#### RECORDS:
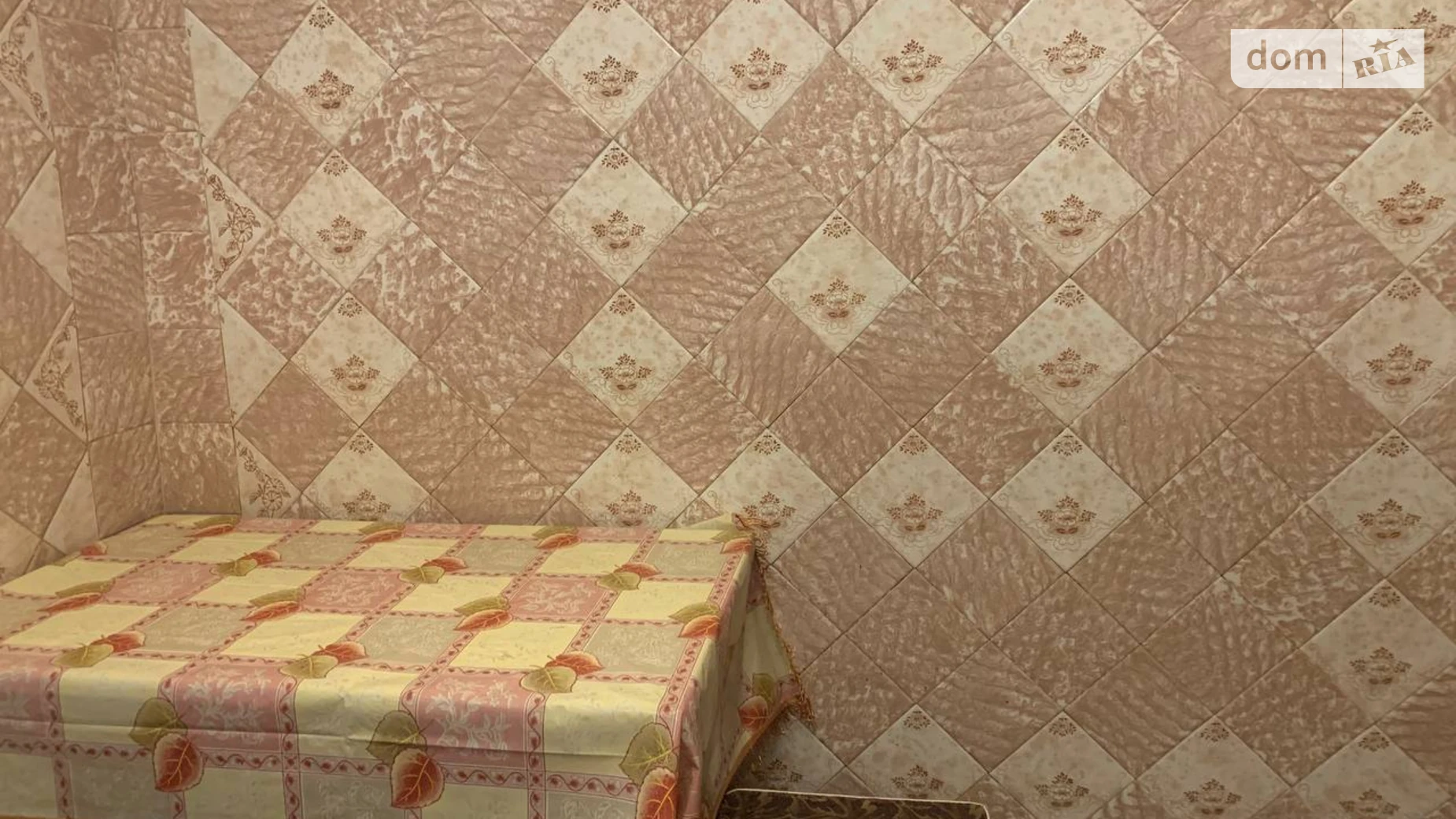 Здається в оренду кімната 49 кв. м у Хмельницькому, цена: 4000 грн - фото 5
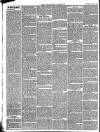Sleaford Gazette Saturday 08 May 1858 Page 2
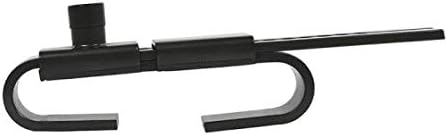 ProPlus LKW Containerschloss verstellbar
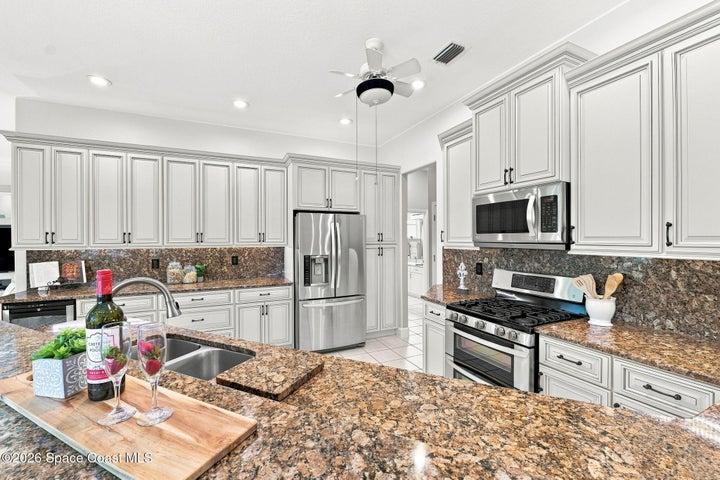 241 Carmel Drive, Melbourne, FL, 32940 photo 12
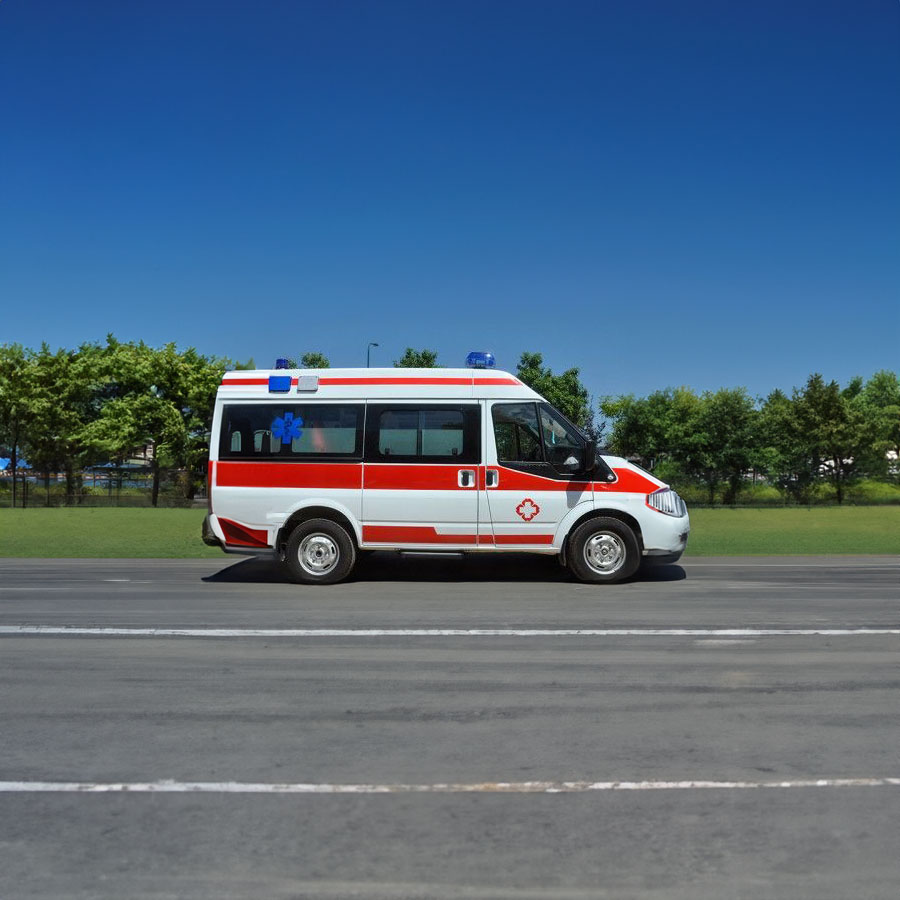 出租急救车联系方式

#### WHAT TO WORK ON:
Return all of the records above exactly as written. Omit each picture.

#### SOLVED PROBLEM:
 Здається в оренду кімната 49 кв. м у Хмельницькому, цена: 4000 грн - фото 5
Sleaford Gazette Saturday 08 May 1858 Page 2
 ProPlus LKW Containerschloss verstellbar
 241 Carmel Drive, Melbourne, FL, 32940 photo 12
 出租急救车联系方式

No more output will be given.